On December 22, 1996, an Airborne Express DC-8 N827AX with 6 crewmembers on board (3 flight crew and 3 maintenance/avionics technicians) crashed in mountainous terrain in the vicinity of Narrows, Virginia. The crash was the result of the crew’s failure to fully recover from a stall that they had intentionally initiated as part of a Functional Evaluation Flight (FEF), which was required after modifications had been performed on the aircraft. Although this accident involved a modern jet airliner, there are valuable lessons to be learned for pilots of any aircraft.
The crew of this DC-8, N827AX, departed from Piedmont Triad airport in Greensboro, North Carolina late in the afternoon of December 22. They had planned to depart earlier, but maintenance delayed their takeoff time. ATC assigned them a block altitude of 13,000 to 15,000 feet mean sea level for the checks they needed to perform. About 13 minutes before the crew initiated the stall, they had reported flying in and out of some clouds and had reported some ice build-up, but cockpit voice recordings indicated that they were clear of icing conditions before the stall was initiated. The extent of any ice build up on the aircraft at the time of the stall is unclear. It was also dark outside when the crew initiated the stall, so outside visual attitude references were limited. Guidance on FEF profiles at the time recommended that maneuvers such as stall series be performed during the daylight hours.

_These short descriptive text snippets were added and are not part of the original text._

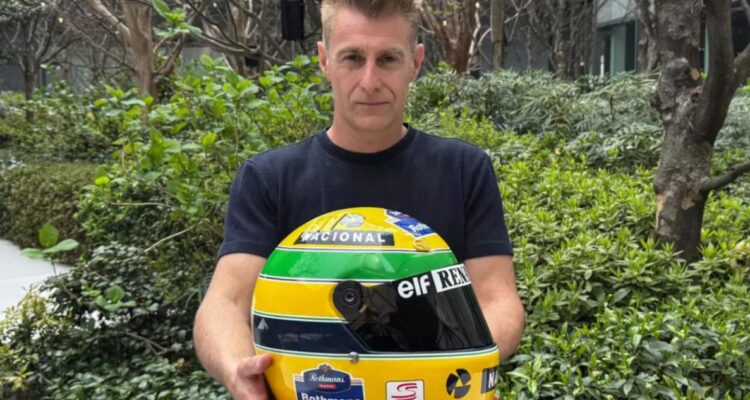 Coleccionista canadiense adquiere casco de Ayrton Senna: brasileño lo usó la temporada que falleció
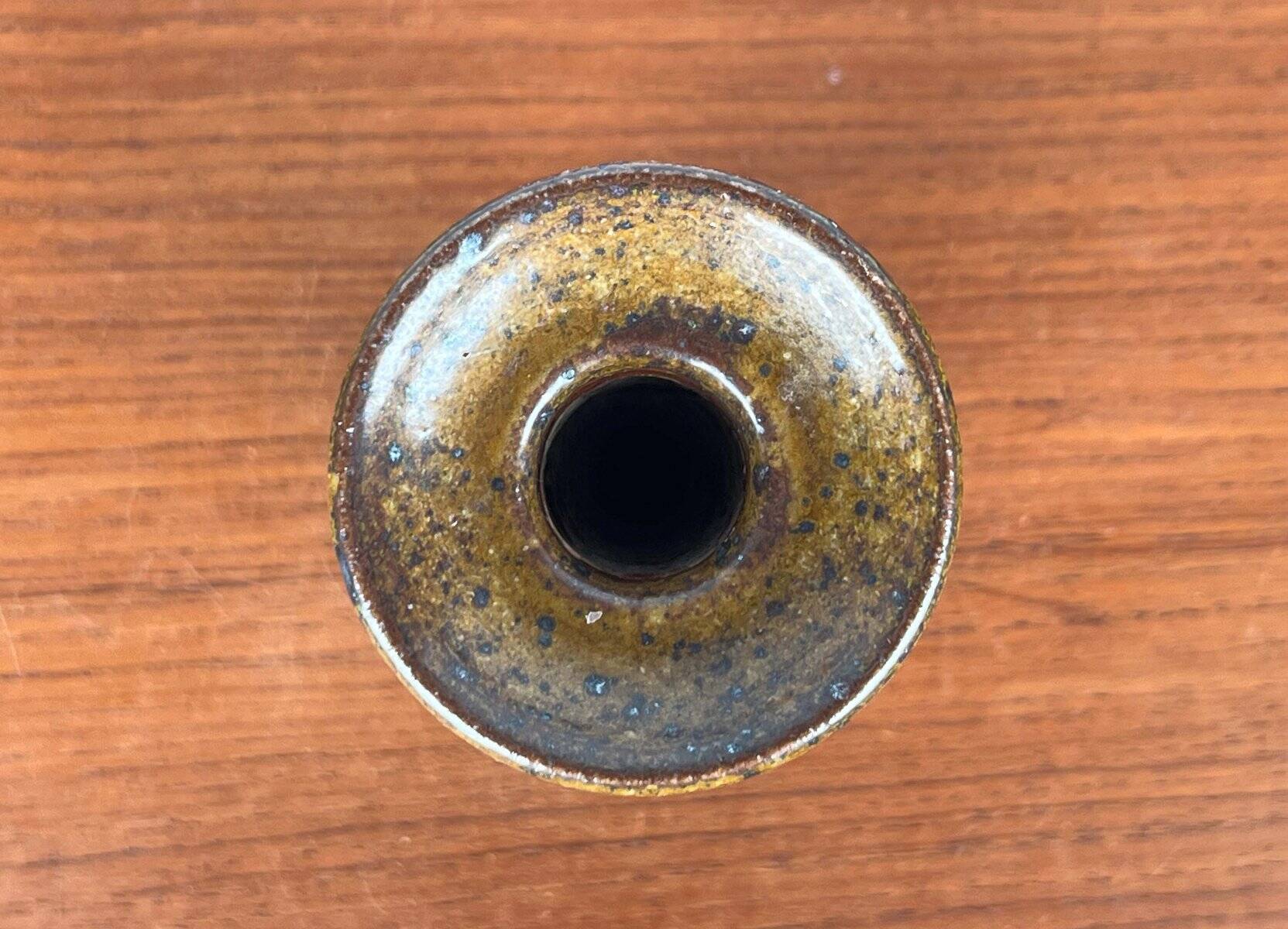 Danish studio pottery candlestick by Tue Poulsen for Tue Keramik, 1960s.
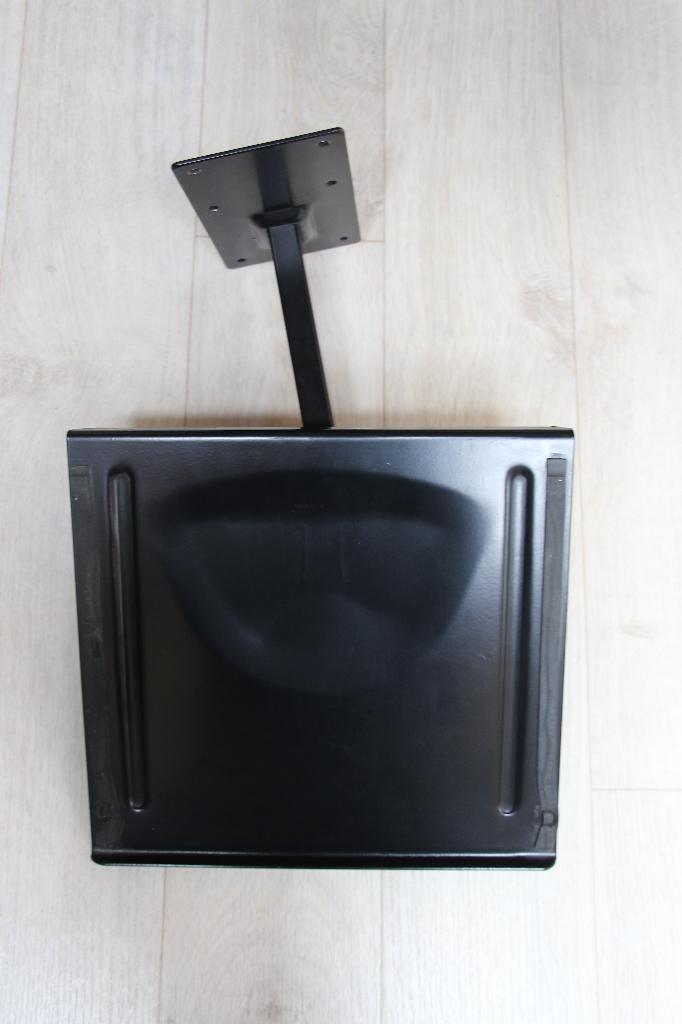TV-wandsteun (plateau) voor universeel gebruik, Ophalen of Verzenden, Gebruikt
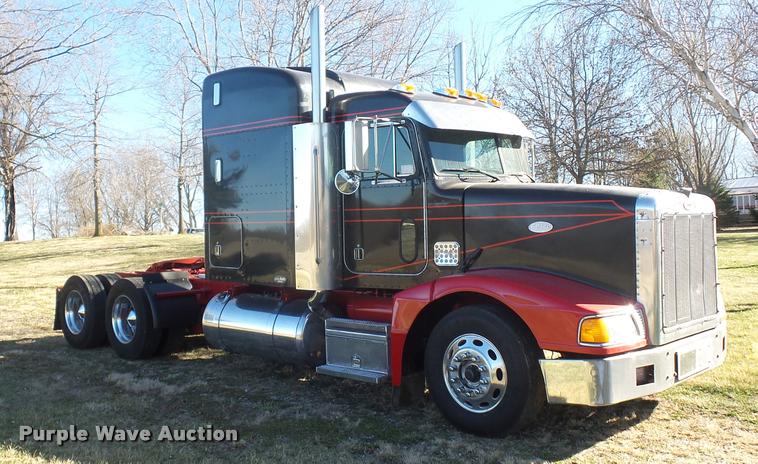 image for item J1573 1997 Peterbilt 377 semi truck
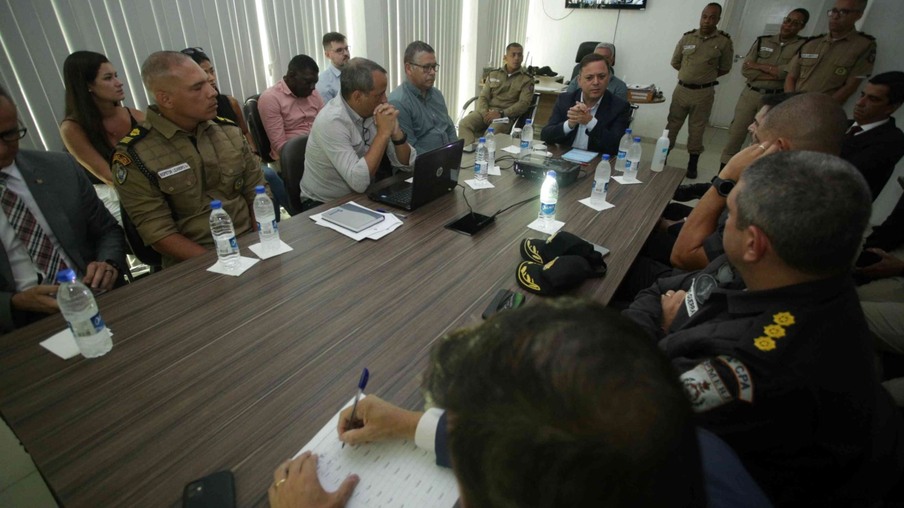 Secretario Rodrigo Neves comandou a reunião | Fotos: Lucas Benevides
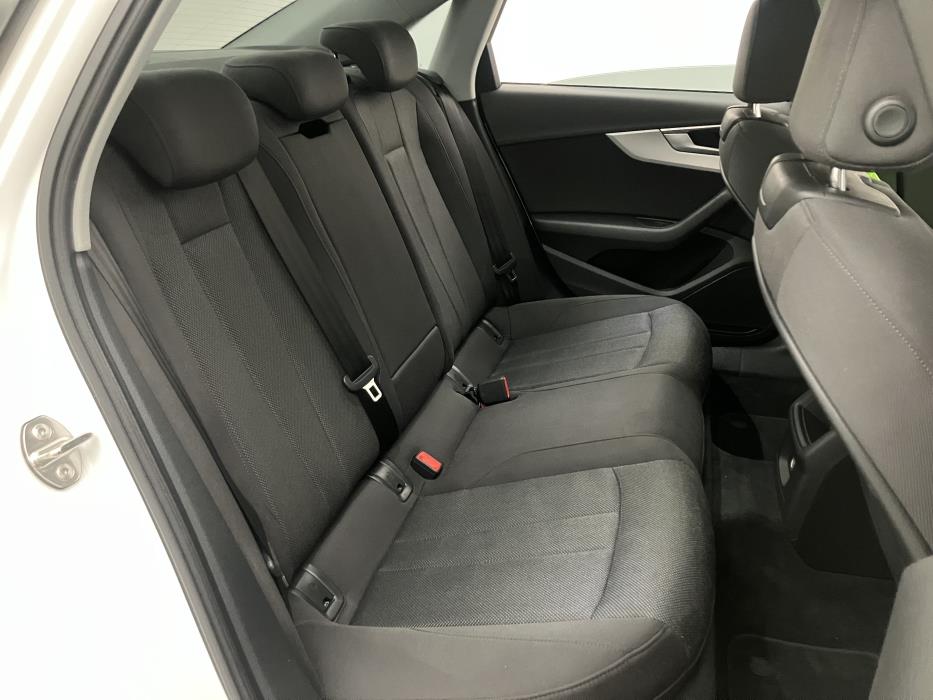 Audi A4 2016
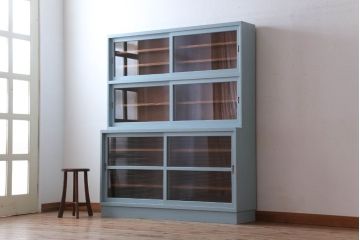 アンティーク家具　アンティーク　モールガラス入り!大きなペイント収納棚(戸棚・食器棚)
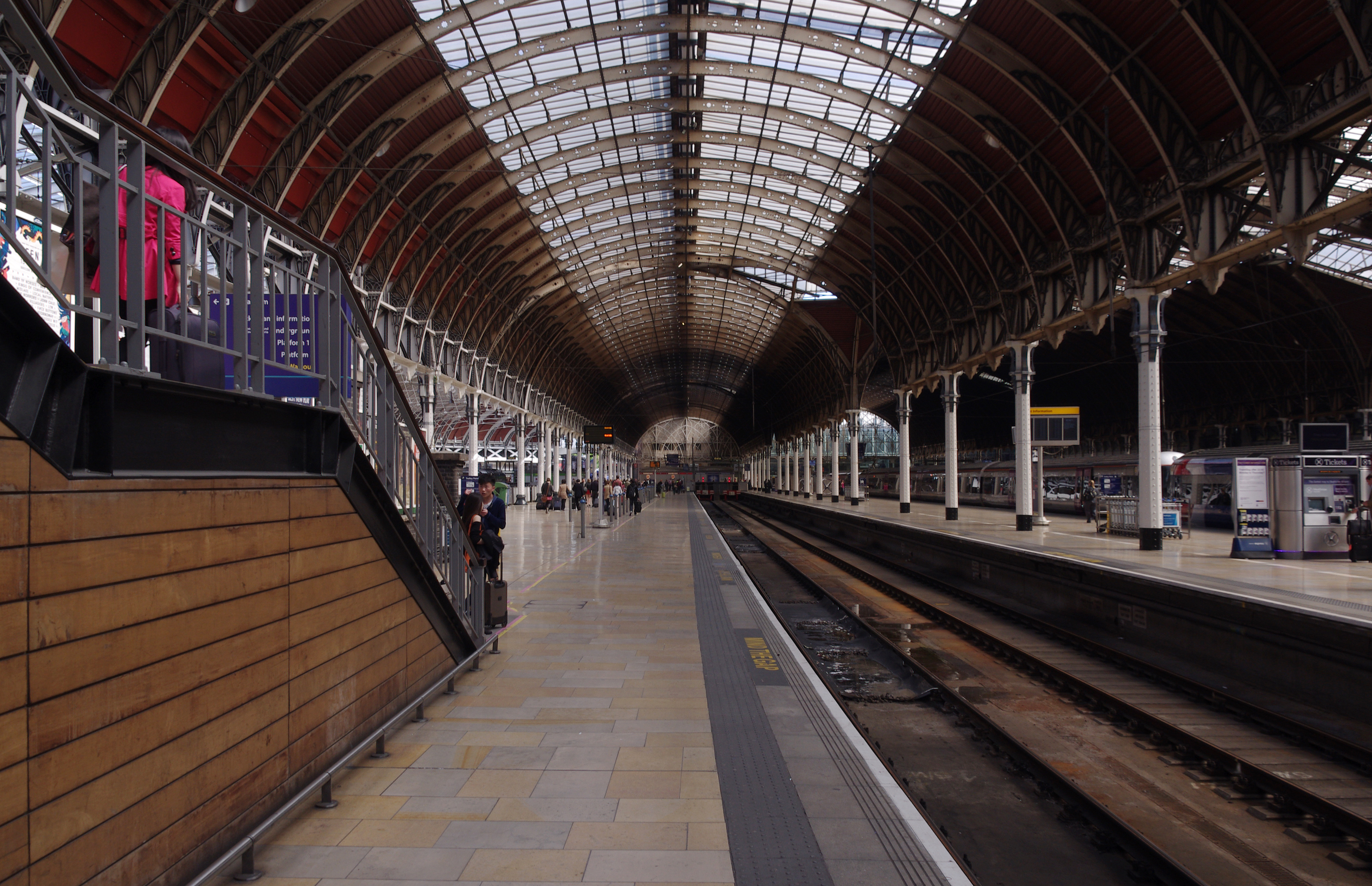 Paddington station MMB 86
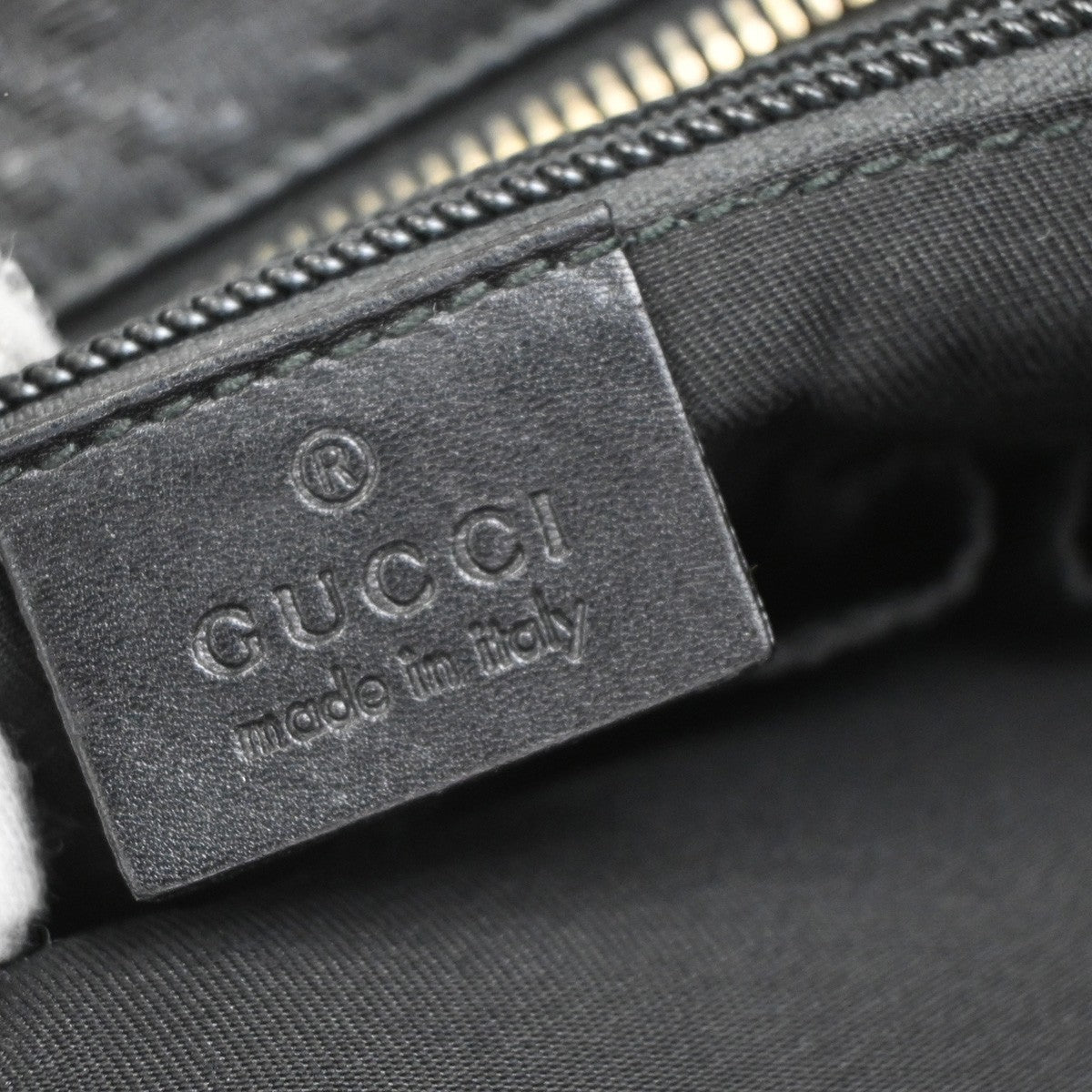 GUCCI Logo Imprime Messenger Bag Coated Canvas Leather Black SHW Italy 34DA255
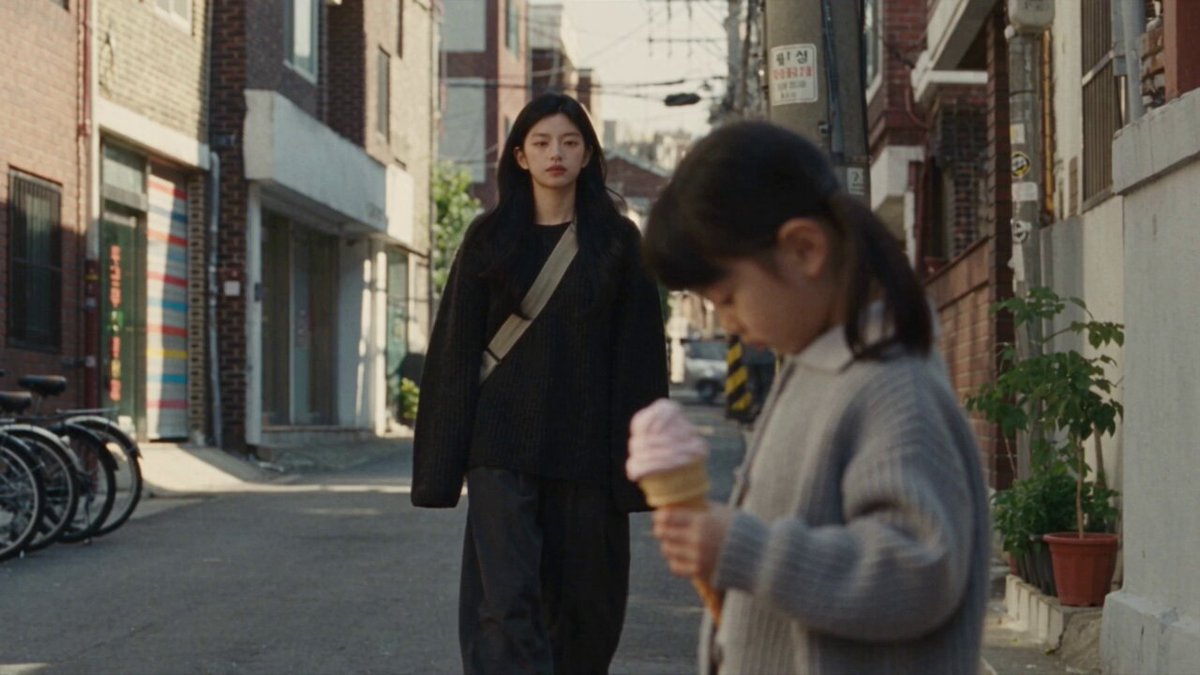 Seoul Shoelace Tying Scene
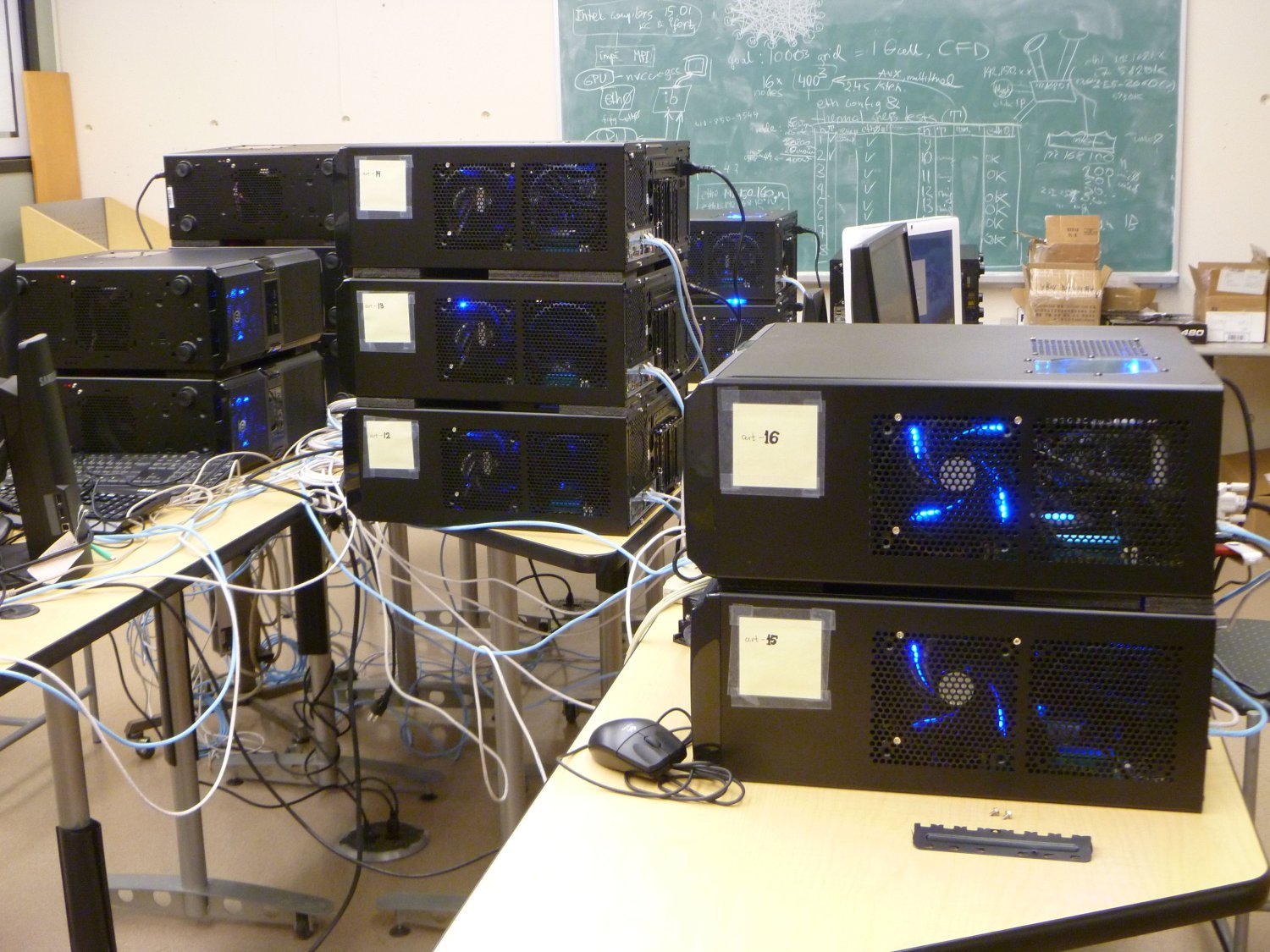 Kilka węzłów powstającego w Toronto nowego superkomputera opartego na CPU+GPU+IXP (Intel Xeon Phi)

After other checks had been completed, the crew decided to initiate the stall series. The plan was to record the airspeed at which the stick shaker activated and the airspeed of the first stall indication. At that point, they would recover from the stall. They expected a stick shaker at 128 knots and first indication of the stall at 122 knots. The approach to stall was uneventful, as the pilot slowed the aircraft down at about 1 knot per second. The PF (pilot flying) noted “some buffet” at 151 knots at 18.08:06, and the crew commented that this was early for buffet (Whether this was due to some ice build-up or the fact that the control surfaces had been re-rigged during maintenance is unclear). At 18.08:09, the sound of rattling was heard on the cockpit voice recorder. At 18.08:11 the flight engineer stated “that’s a stall right there…ain’t no [stick] shaker.” The PF called “set max power” at 18.08:13. Perhaps confusing to the crew was the fact not only that the stall occurred at a higher than expected airspeed, but also that the stick shaker failed to activate. For the next 8 seconds, the PF continued to hold the nose up, maintaining a relatively constant pitch attitude. Popping sounds were also heard coming from one or more of the engines, and engine indications of surging were present, which can happen when airflow into the engine intakes is at an excessive angle. Airspeed continued to decay, and the aircraft began descending as the stall progressed. At 18.08:30 the PNF (pilot not flying) stated “You can take a little altitude down…” He was implying to the PF to push forward on the yoke. But at 18.08:42, he added, “Start bringing the nose back up.” For the next 56 seconds, the DC-8 continued descending and began a series of roll reversals. At times, the PF did move the control column forward somewhat, but the data recorder indicated several instances where the control column was full aft, which corresponded with un-commanded aircraft downward pitches. The crew failed to recover from the stall and impacted terrain at approximately 3400 feet mean sea level in a 52-degree, left wing low and 26-degree nose-down attitude.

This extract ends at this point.